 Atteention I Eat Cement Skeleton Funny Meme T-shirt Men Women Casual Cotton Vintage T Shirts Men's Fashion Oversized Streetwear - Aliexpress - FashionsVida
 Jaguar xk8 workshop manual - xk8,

* * *

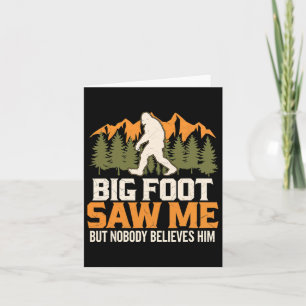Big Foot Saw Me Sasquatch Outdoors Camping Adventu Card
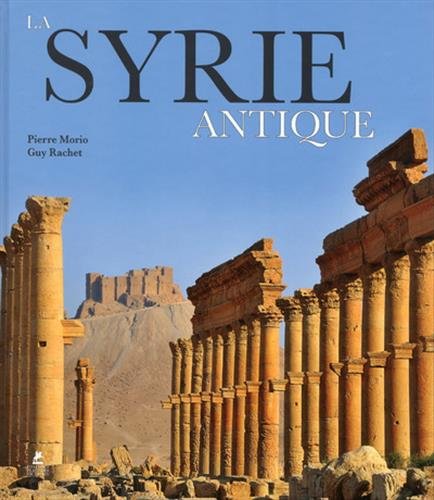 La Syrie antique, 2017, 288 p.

**About this task**
Write down exactly the span of lines above from the one containing "Atteention I Eat" to the one containing "Jaguar xk8 workshop", both ends included.

**Result**
 Atteention I Eat Cement Skeleton Funny Meme T-shirt Men Women Casual Cotton Vintage T Shirts Men's Fashion Oversized Streetwear - Aliexpress - FashionsVida
 Jaguar xk8 workshop manual - xk8,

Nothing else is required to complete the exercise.